Through an introduction of the Long March Project, students examined the problems confronting contemporary curatorial practice, both from a theoretical perspective and its manifestation in exhibition form, with the aim of strengthening the relationship between theory and practice, and the international and local. By looking at particular case studies from the Long March Project, students became familiarized with the entire process of turning curatorial concept into practice, and developed their own curatorial direction and professional knowledge through research, proposal, discussion and summary. A potential ‘Long March Project – Chinatown’ to take place in the San Francisco, served as a training model where students practiced resolving common problems and contradictions faced by curators.
The course took a dual approach, not only conveying the concepts and methods of the Long March Project, but more importantly strengthening the methodology of the Long March Project through soliciting student reaction and criticisms. Therefore, the course was not only a forum for discussion and debate, but also a workshop for practical curatorial methods and strategies. The course not only presented students with constructive criticism for their professional development, but also examined the Long March itself and brought to light areas for improvement.
Syllabus
MA Program Curatorial Practice
Fall 2005
Wednesdays 12-3, Room 112
Instructor: Kate Fowle
Office hours by appointment
1-22 November
Project research: The Long March Chinatown Project
Working with Curator in Residence Lu Jie, who is the Director of the Long March Project in China, and Pauline Yao, Assistant Curator of Chinese Art at the Asian Art Museum in San Francisco we will use The Long March curatorial project as a testing ground to develop research into potential project models for Chinatown in San Francisco. This continues the research that Lu Jie is currently conducting into alternative systems for the presentation of art to diverse audiences. (See attached course outline) You will be working in groups to develop project proposals and making in-class presentations.
Suggest Readings:
Long March Curatorial proposal and outline
Long March text
Long March Context
Karl Marx and Friedrich Engels, The Communist Manifesto
Mao Zedong, Selected Readings Volume 1-5
Leon Trotsky, Problem of Chinese Revolution, New Park publication, London,1969
Edgar Snow, Red Star Over China – The Classic account of the Birth of Chinese Communism, Grove Press, New York
Harrison Salisbury, The Long March, McGraw-Hill, 1987
Julia Kristeva, About Chinese Women, Marion Boyars, New York and London, 1986
Simone de Beauvoir, The Long March – An Account of Modern China, Phoenix Press, 2001
Susan Buck-Morss, Dream World and Catastrophe – The Passing of Mass Utopia in East and West, MIT Press, 2002
Curatorial Context
Nicolas Bourriaud, Relational Aesthetics, Les presses du reel, 2002
Claire Doherty, From Studio to Situations: Contemporary Art and the Question of Context, Black Dog Publishing; 2005
Miwon Kwon, One Place After Another: Site-Specific Art and Locational Identity
Alex Coles, Site-Specificity: The Ethnographic Turn, De-, Dis-, Ex-, Volume 4; Black Dog Publishing; July 2000
Simon Ford, The Situationist International, Black Dog Publishing, 2005
Okwui Enwezor et al, Documenta XI catalog
Alice Yang, Why Asia?

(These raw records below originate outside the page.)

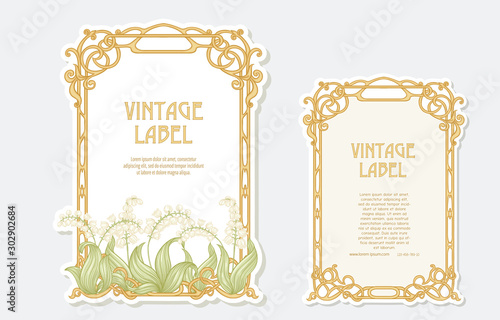 Lily of the valley. Set of 2 labels, decorative frames, borders. Good for product label. Vector illustration. In art nouveau style, vintage, old, retro style. Isolated on white background..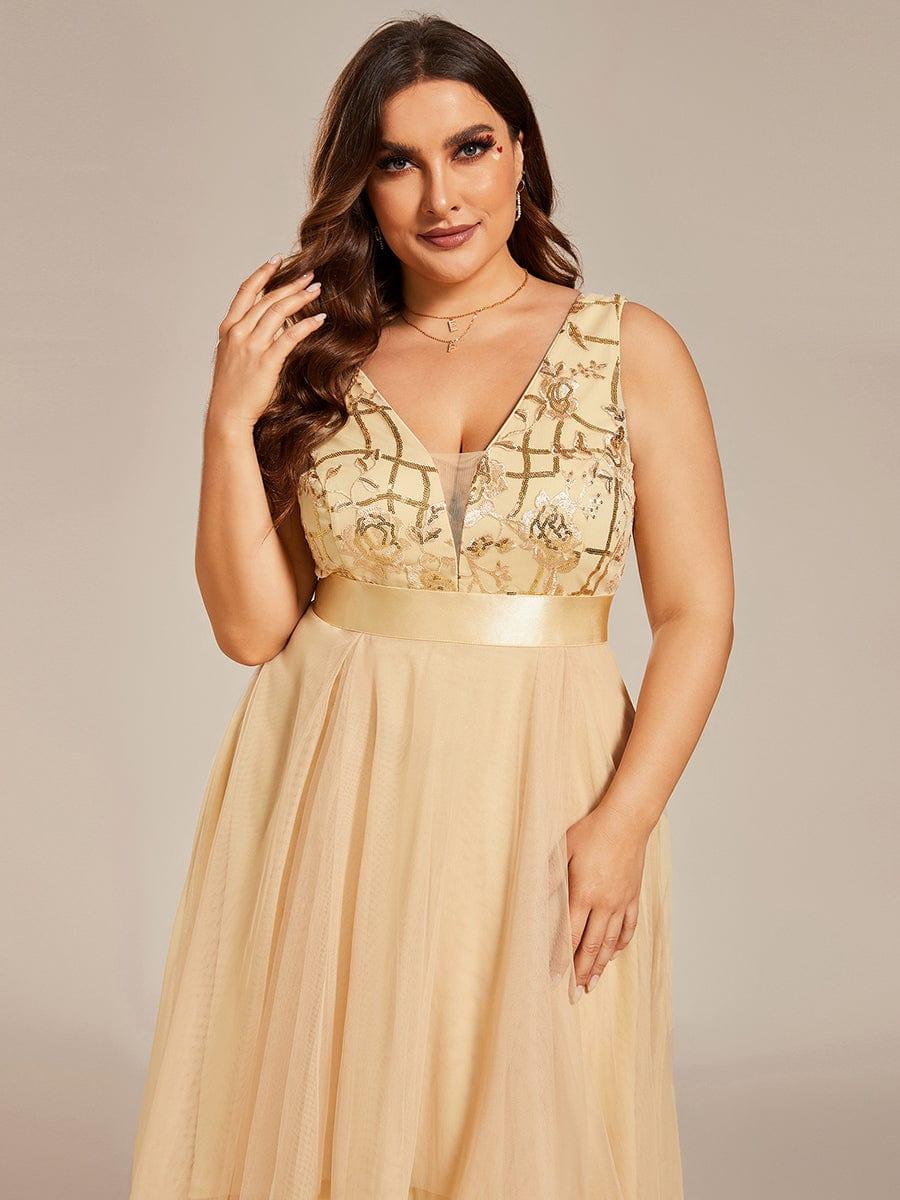 Sparkly Plus Size Hi-Lo Sequin V-Neck Tulle Evening Dresses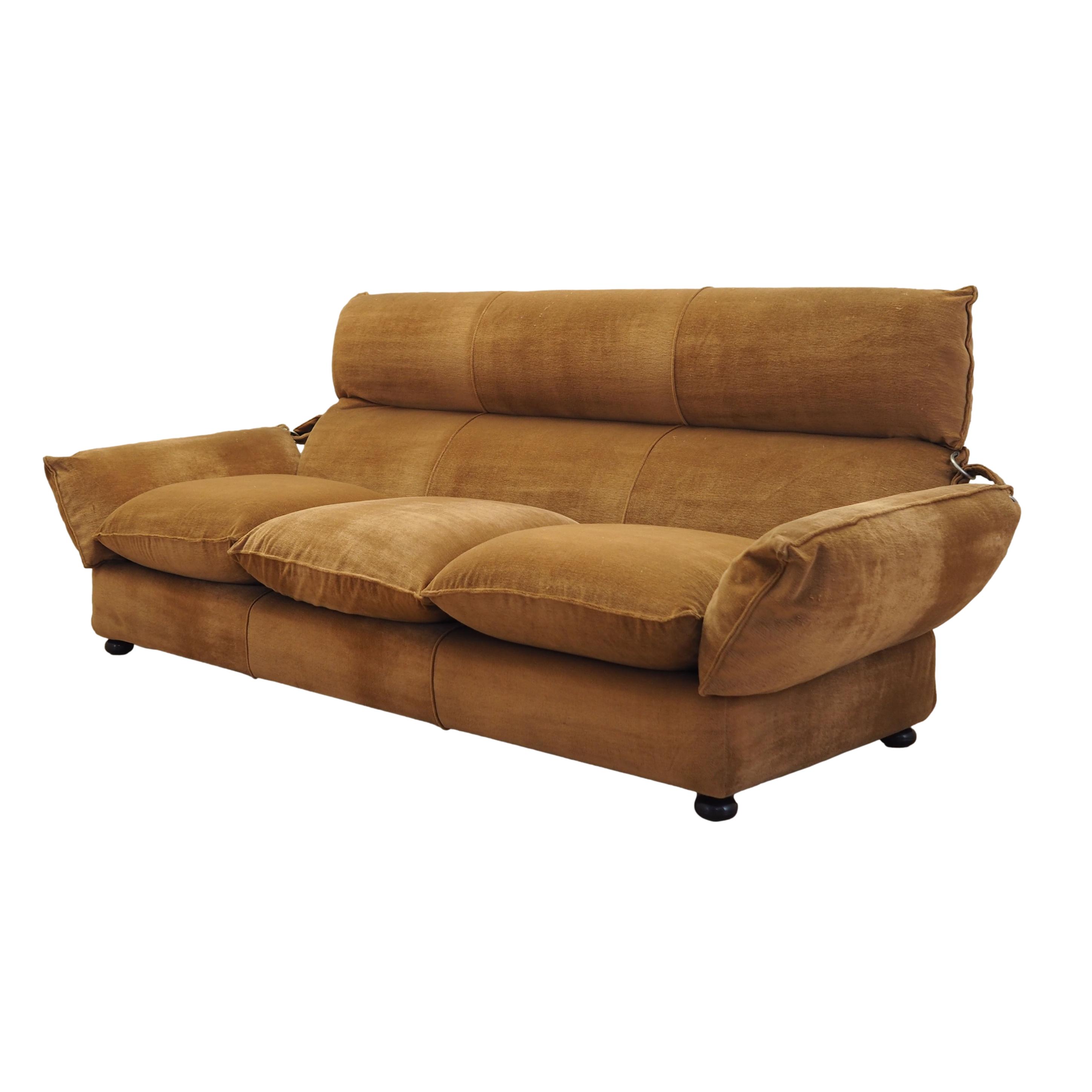 Sofa Velours Braun 1970er Jahre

Contemporary Asian and Asian American Art, New York University Press, 1998
Gao Minglu, Inside Out, New Chinese Art, Asia Society and San Francisco Museum of Modern Art,1999
Feng Boyi, ‘Under Under-ground’ and Others on Chinese Avant-garde Since 1990, The Monk and The Demon, Chinese Contemporary Art, Pg 59-67, Musee Art Contemporain Lyon, 2004
Do You Believe in Reality? 2004 Taipei Biennale Catalog
Techniques of the Visible, 2004 Shanghai Biennale Catalog
Sarat Maharaj with Gilane Tawadros, “We Were Nobody, We Were Nothing: North/South Soundings of Modernity and Memories of Underdevelopment” in Media & Glocal Change. Rethinking Communication for Development. Ed. O. Hemer & T. Tufte. Clasco, Buenos Aires, Brazil, Nordicom, Goteborg University. Sweden 2005
No Chinatown at Turbulence, 3rd Auckland Triennial, New Zealand, 2007
March 9–June 4, 2007
For the 2007 Auckland Triennial, Long March – Chinatown was brought to Auckland in a collaborative project with artist Kah Bee Chow and Daniel Malone entitled No Chinatown. The project took a public minded approach by utilizing public spaces not just as exhibitions sites, but also involving the contributions of many other individuals, communities and collectives as a vital part of the work. The metaphor of “Chinatown” was used to engage with the Triennial’s curatorial theme of Turbulence, and the subsequent dynamics of immigration, tourism and cultural diaspora raised in the process of globalization, with Chinatown serving not as an illustration for identity politics or post colonial discourse, rather, a metaphorical site to explore general notions of performed and constructed identity, as well as focusing on the local context of Auckland, a city, which has been deemed a “high-immigration” city.
No Chinatown provoked the ambivalent, at times ambiguous social atmosphere, between Auckland and its Chinatown(s). Should Auckland have a Chinatown? Does Auckland in fact already have Chinatown(s)? What indeed constitutes a Chinatown or any (self) determined cultural identification with place? No Chinatown will raise these questions and the discursive space for any number of simultaneous answers, sometimes contradictory, acting as a catalyst to precipitate the emotional state of Auckland; at times lamenting a lack, proposing an action, at others giving voice to confusion or resisting an over-determination. It engaged in the Triennial’s broad discourse around multiculturalism as well as the unique context of Aotearoa New Zealand’s bi-cultural geo-politic and the notion of Tangata Whenua (People of the Land).
Within the Triennial space, No Chinatown took place in an array of art venues offered by the triennial. This included the Gus Fischer Gallery (Center of New Zealand Art Research and Discovery, University of Auckland), the St Paul Street Gallery (Auckland University of Technology) and Artspace. The display at each venue was both individual and linked, building momentum and resonance with a larger space of transitory events and activities outside and between the galleries during the course of the Triennial. Of particular interest was the Auckland City Council’s facilitated Lantern Festival in Albert Park on the triennial’s opening weekend and the involvement of local students in the architecture competition and a public survey organized through the Long March’s involvement in the Elam School of Fine Arts Artists Residency program.
Like other Long March Projects, No Chinatown was a process, an event, and a performance brought forth from grounded research which examines the relationship between theory and practice.
Installation views at Gus Fisher Gallery, Center of New Zealand Art Research and Discovery
Installation views at Artspace
Lantern Festival in Albert Park
Participating Artists:
The Long March Project – P.R. China
Daniel Malone – New Zealand
Kah Bee Chow – New Zealand / Malaysia
Continuing with the movement and journey-based research and display method first introduced in “Long March—A Walking Visual Display” (2003), “Long March Project—Chinatown” was divided into three stages, held respectively in Yokohama (2005), San Francisco (2005) and Oakland (2007). Marching across varied geographies and countries, through disparate histories and cultures, “Chinatown” was an ambitious project fueled by an urge to help the Chinese immigrants write back to their respective local context.